*** Opening Entries supplied ***

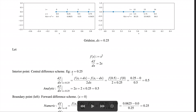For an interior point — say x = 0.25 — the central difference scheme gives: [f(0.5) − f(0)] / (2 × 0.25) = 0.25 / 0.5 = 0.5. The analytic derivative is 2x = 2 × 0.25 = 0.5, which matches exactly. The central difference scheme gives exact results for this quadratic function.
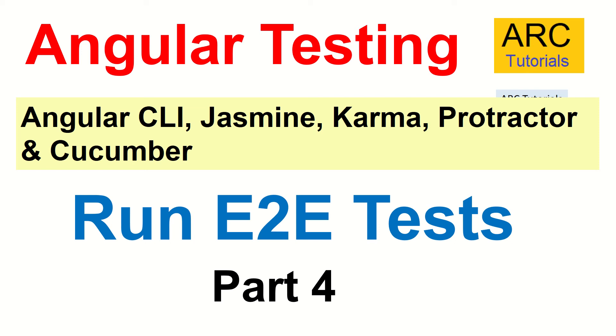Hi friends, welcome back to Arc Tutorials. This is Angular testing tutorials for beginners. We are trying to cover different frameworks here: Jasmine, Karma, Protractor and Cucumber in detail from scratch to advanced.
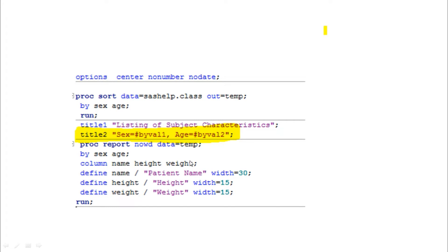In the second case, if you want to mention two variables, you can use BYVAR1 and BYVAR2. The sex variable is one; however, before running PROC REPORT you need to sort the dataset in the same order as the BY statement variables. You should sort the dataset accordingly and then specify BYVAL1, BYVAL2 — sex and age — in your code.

*** Closing Entries supplied ***
*** Opening Entries supplied ***

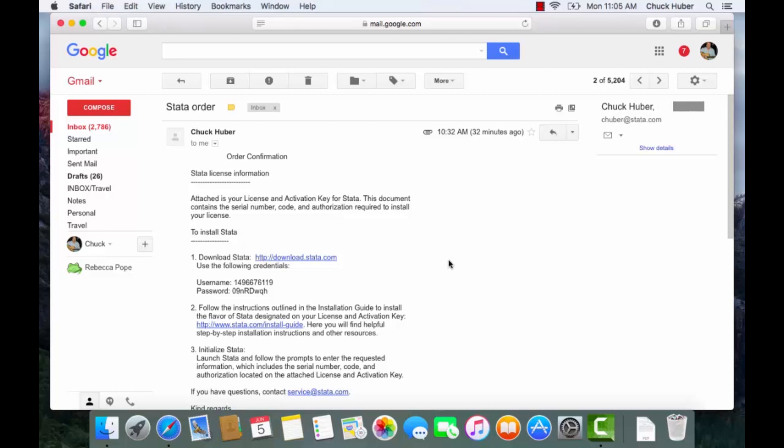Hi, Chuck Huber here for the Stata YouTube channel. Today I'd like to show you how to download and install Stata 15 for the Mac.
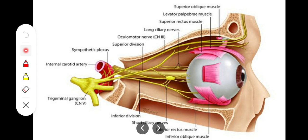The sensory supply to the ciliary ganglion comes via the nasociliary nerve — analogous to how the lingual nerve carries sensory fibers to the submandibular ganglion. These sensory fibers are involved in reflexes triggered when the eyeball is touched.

*** Closing Entries supplied ***

_What is being asked_.
When you reach the line with "For an interior" in the records above, start writing out each line exactly, and stop after the line with "Hi friends, welcome". Pictures stay out.

_Result of the task_.
For an interior point — say x = 0.25 — the central difference scheme gives: [f(0.5) − f(0)] / (2 × 0.25) = 0.25 / 0.5 = 0.5. The analytic derivative is 2x = 2 × 0.25 = 0.5, which matches exactly. The central difference scheme gives exact results for this quadratic function.
Hi friends, welcome back to Arc Tutorials. This is Angular testing tutorials for beginners. We are trying to cover different frameworks here: Jasmine, Karma, Protractor and Cucumber in detail from scratch to advanced.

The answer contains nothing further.